Written by M.J. Trow
Review by Kristen McQuinn

Eleventh Hour is the 8th in the Kit Marlowe series. In this installment, Marlowe seeks to find the potential murderer of Sir Francis Walsingham, Queen Elizabeth’s spymaster. Walsingham’s death, while not completely unexpected because of his age, is suspicious because of its manner. Marlowe and his fellow spies feel the Spymaster was poisoned, leaving a huge power vacuum, and they must find the culprit before the killer sets his sights on Elizabeth herself.

I had known that this book was part of a series when I volunteered to review it and decided to take a chance that it wouldn’t matter.
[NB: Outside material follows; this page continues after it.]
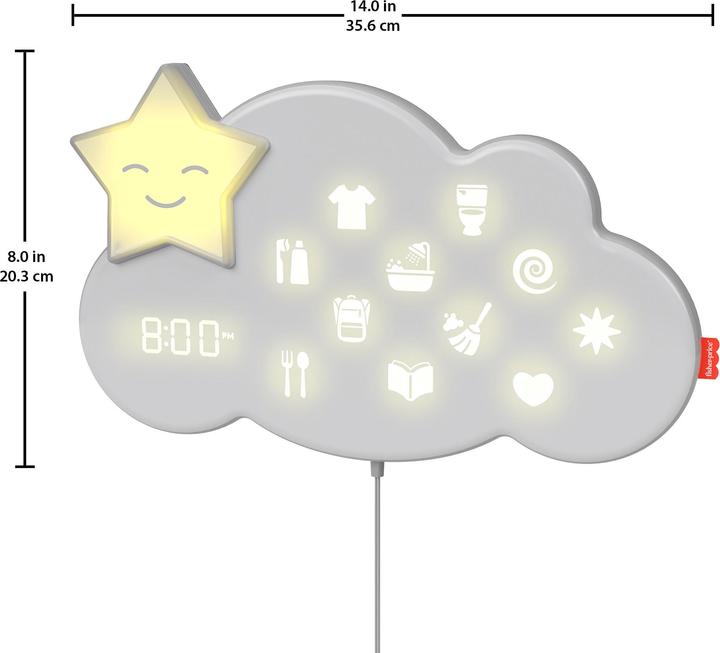 Actual product image Fisher-Price Lumalou Better Bedtime Routine System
That gamble paid off. Trow writes Eleventh Hour in a way that makes it easy to follow without having read the prior seven books. It was engaging enough that I do plan to go read them anyway, though. Marlowe is a fun character, irreverent and witty. I found Trow’s interpretation of Shakespeare (Shaxpere in the novel) to be interesting; I didn’t have as good a sense of some of the others, but they were sketched well enough that they were not flat or one-dimensional. Readers also are gifted with a vibrant depiction of life in Elizabethan London. The plot is intricate, though not action-packed: the focus is more on intrigue and politics, which I enjoyed a great deal. This novel should appeal immensely to fans of Renaissance mystery and theatre.